No to witajcie po powrocie
Niestety już dobre się skończyło, a powrót do deszczowej i zimnej Polski jest okrutnym zderzeniem
Ale pare słów o drodze.
Wyjechaliśmy z Poznania w piątek ok.21.
Trasa: Poznań-Wrocława-Boboszów-Brno-Wiedeń-Graz-Maribor-Ljubljana-Pula (via Koper).
Na miejscu byliśmy w sobote ok.17. - robiąc kilka przerw po drodze.
Tak na prawde można mówić o jeździe dopiero od Wiednia.
Cała wcześniejsza trasa nadaje się tylko do jazdy nocnej i to w dni gdy jest zakaz dla TIRów. Inaczej makabra.
Strona czeska od granicy do ok.Svitavy to jazda po omacku. Trzeba bardzo uważać. Jechałem w nocy i ZERO oznakowań. Brak linii, brak znaków, brak drogowskazów. Trzeba po prostu uważać.
Od Brna da się już jechać. Do Austrii wjeżdża się bez problemu, ale z zakupem winiety propouje nie czekać do ostatniej chwili tylko kupić na pierwszej stacji po przekroczeniu granicy.
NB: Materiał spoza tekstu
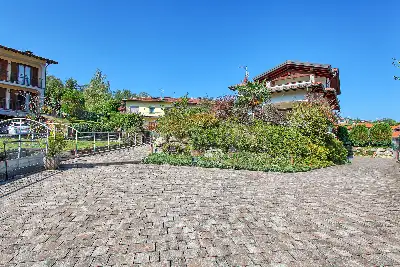 Villa in vendita, Via Pianazzo, Lavena Ponte Tresa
Ja chciałem kupić przed samym wiedniem i dopiero na trzeciej stacji mieli te co chciałem.
Potem tylko pedał w podłoge i jazda ...... do Maribora.
A tu KOREK. Najpierw bulisz 0,70 na bramce, a potem se stoisz 40km w korku podjeżdżając od czasu do czasu na jedynce.
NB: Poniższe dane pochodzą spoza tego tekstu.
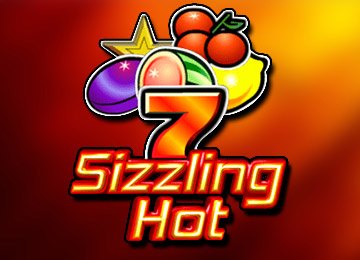 Sizzling Hot Deluxe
Na szczeście przy rozjeździe na Zagrzeb/Ljubljana korek "szedł" do Zagrzebia i mogliśmy jechać. Potem postaliśmy tyko trochę przed granicą z CRO i .... już prawie w domu.
Wracaliśmy z CRO do domu przez Ljubljane, Villach, Linz (odbicie od autostrady Villach-Salzburg do Graz-Linz), Praga, Jakuszyce do Karpacza.
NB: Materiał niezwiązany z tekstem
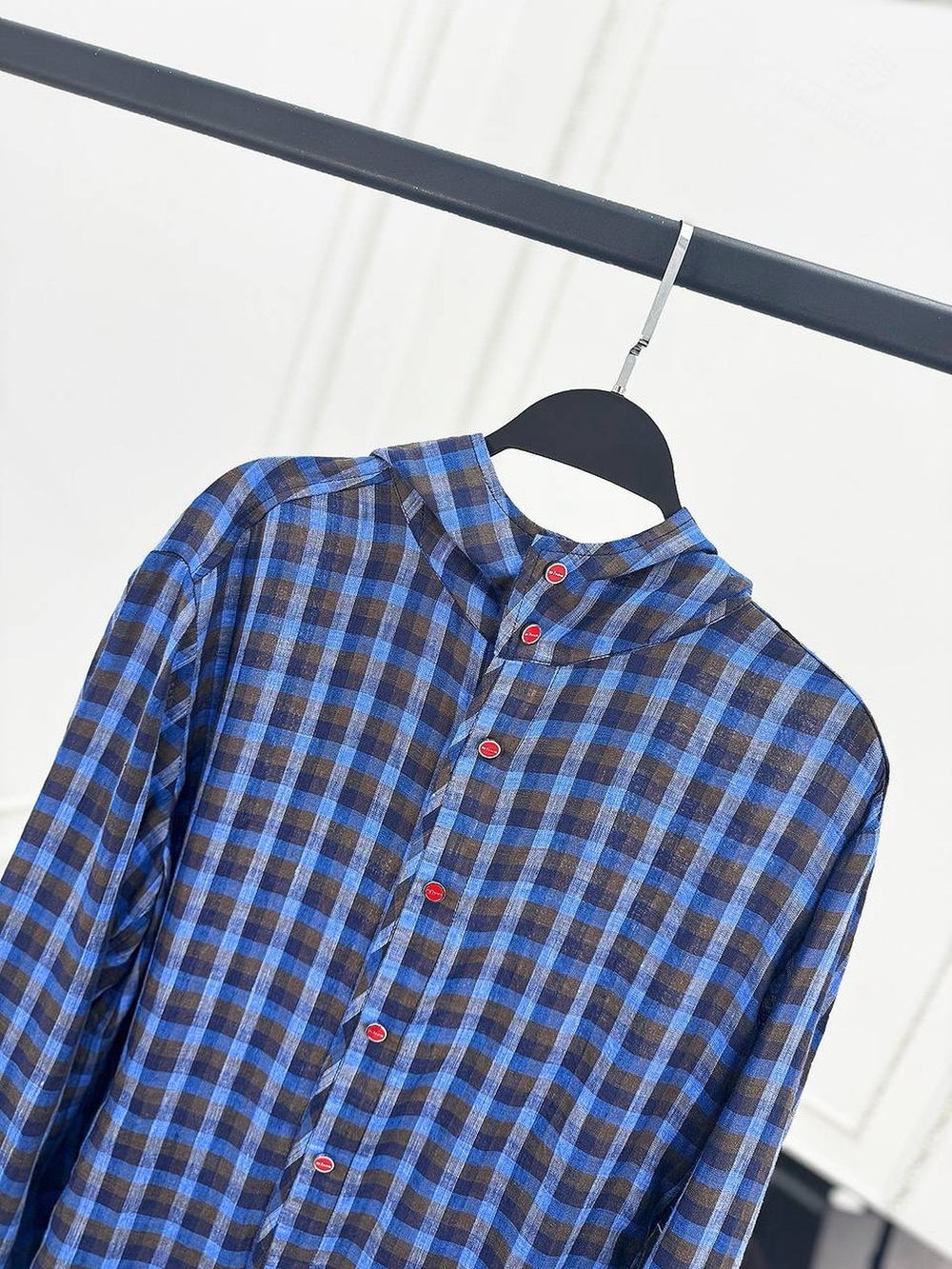 Рубашка Kiton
Powiem tak - korek w Mriborze (na którym wieszałem psy) to mały pikuś w porównaniu z tym co się dzieje w Slowenii przed Villach a potem w Austrii.
Trwają tam intensywne budowy i trasa to jeden wielki korek.
Po naszej stronie jeszcze nie było najgorzej, ale to co widziałem w strone do CRO to masakra. Ponad 100km jak jechaliśmy, to w przeciwną strone ludzie stali i .... stali. Po prostu 100km stania. Jakbym miał tak stać to normalnie chyba bym zawrócił spowrotem do domu.
Poza tym trasa Villach-Linz jest droższa. Kupa opłat w Austrii za tunele.
Czas przejazdu w zasadzie ten sam, z Puli do Karpacza 15h, czyli +ok.5 do Poznania to też 20h.
Generalnie polecam tą pierwszą przez Brno i Wiedeń.
No cóż - przeżyłem doświadczyłem i w sumie powiem tylko, że nie ma się czego bać. Da się przejechać nawet bez nawigacji i z "mieszającą" babą obok (tzn, moją analfabetyczną mapowo żoną) i licząc tylko na atlas i swoją pamięć po przestudiowaniu map w konfrontacji z mieszaniem baby, że chyba coś nie tak i "no gdzie ty jedziesz" - dałem rade
.
W razie pytań chętnie podziele się swoimi doświadczeniami.